▶ _Action item_: Restate, exactly as written, the entries below from the line that holds "Pablo Robe courte" through the line that holds "Vintage Adidas Black". Pictures are not part of the copy.

▶ _Extracted records_:
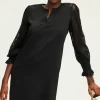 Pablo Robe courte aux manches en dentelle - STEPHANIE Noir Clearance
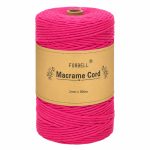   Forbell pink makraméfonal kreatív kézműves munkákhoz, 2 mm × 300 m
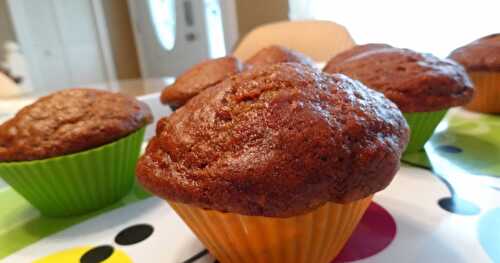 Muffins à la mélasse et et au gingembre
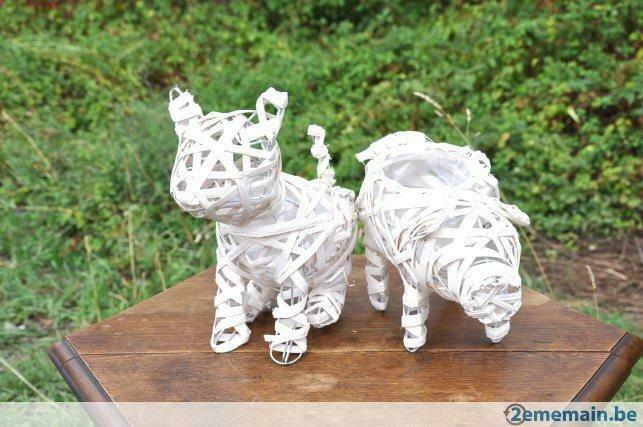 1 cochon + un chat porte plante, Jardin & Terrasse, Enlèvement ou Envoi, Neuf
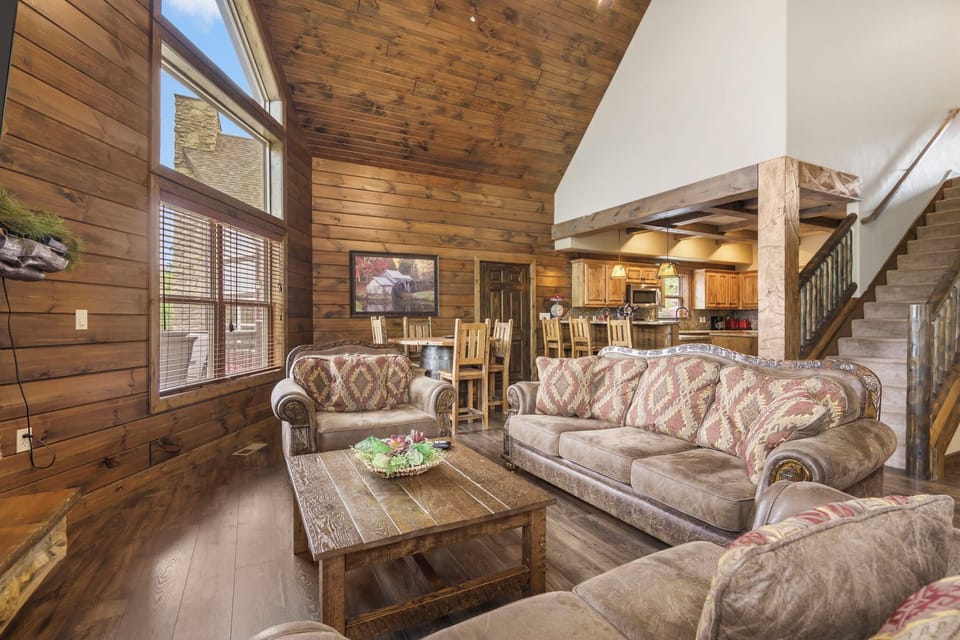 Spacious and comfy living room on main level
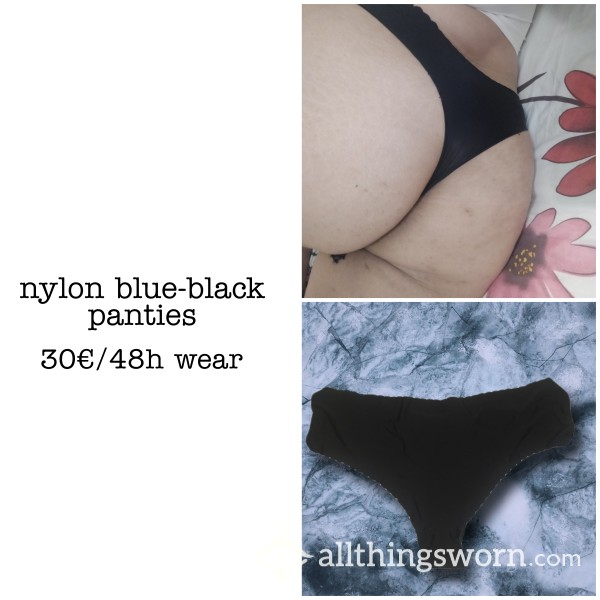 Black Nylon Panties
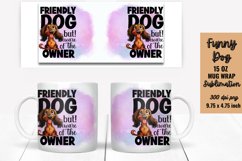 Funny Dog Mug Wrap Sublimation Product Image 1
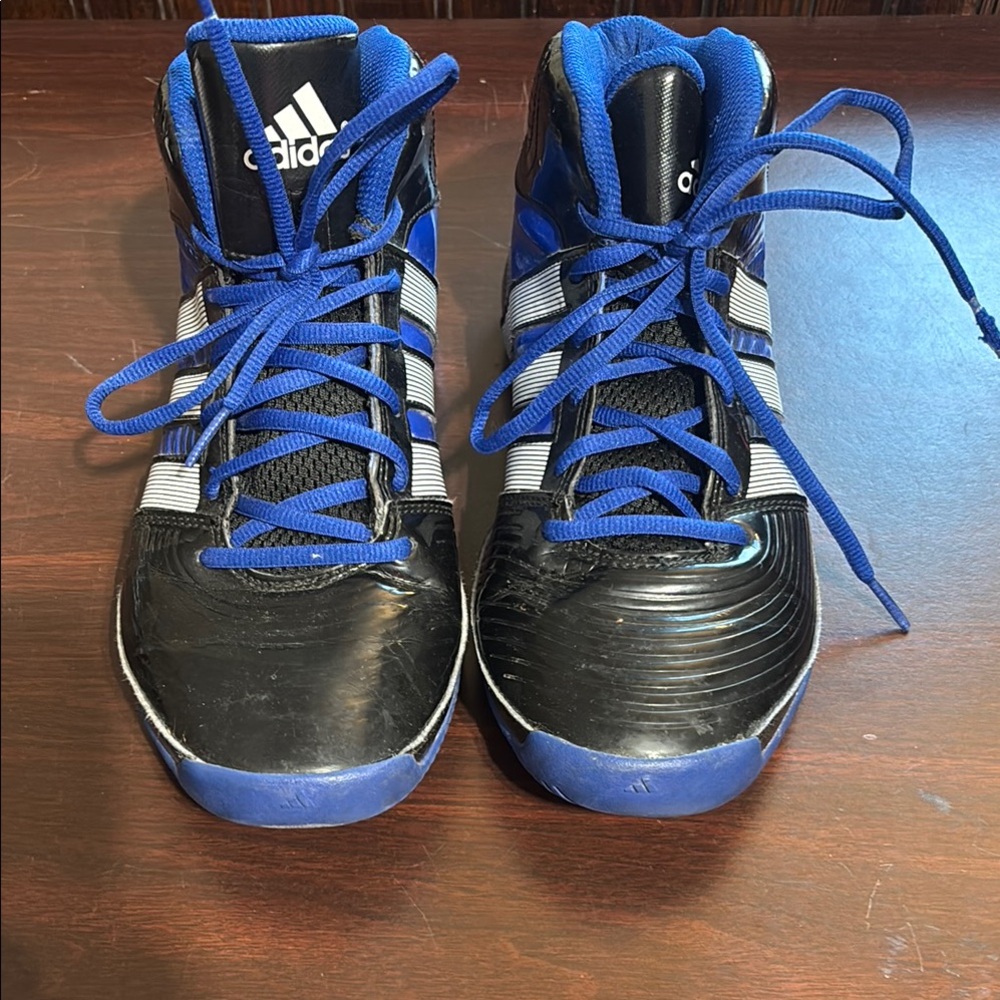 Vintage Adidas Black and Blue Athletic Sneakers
* * *
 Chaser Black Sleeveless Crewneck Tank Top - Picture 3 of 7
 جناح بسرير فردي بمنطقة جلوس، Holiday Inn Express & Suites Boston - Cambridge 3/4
--
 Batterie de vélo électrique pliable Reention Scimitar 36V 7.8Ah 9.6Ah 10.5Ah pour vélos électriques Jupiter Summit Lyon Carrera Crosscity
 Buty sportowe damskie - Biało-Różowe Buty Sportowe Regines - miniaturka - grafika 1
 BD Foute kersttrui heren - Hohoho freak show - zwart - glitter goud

▶ _Written answer_:
 Pablo Robe courte aux manches en dentelle - STEPHANIE Noir Clearance
   Forbell pink makraméfonal kreatív kézműves munkákhoz, 2 mm × 300 m
 Muffins à la mélasse et et au gingembre
 1 cochon + un chat porte plante, Jardin & Terrasse, Enlèvement ou Envoi, Neuf
 Spacious and comfy living room on main level
 Black Nylon Panties
 Funny Dog Mug Wrap Sublimation Product Image 1
 Vintage Adidas Black and Blue Athletic Sneakers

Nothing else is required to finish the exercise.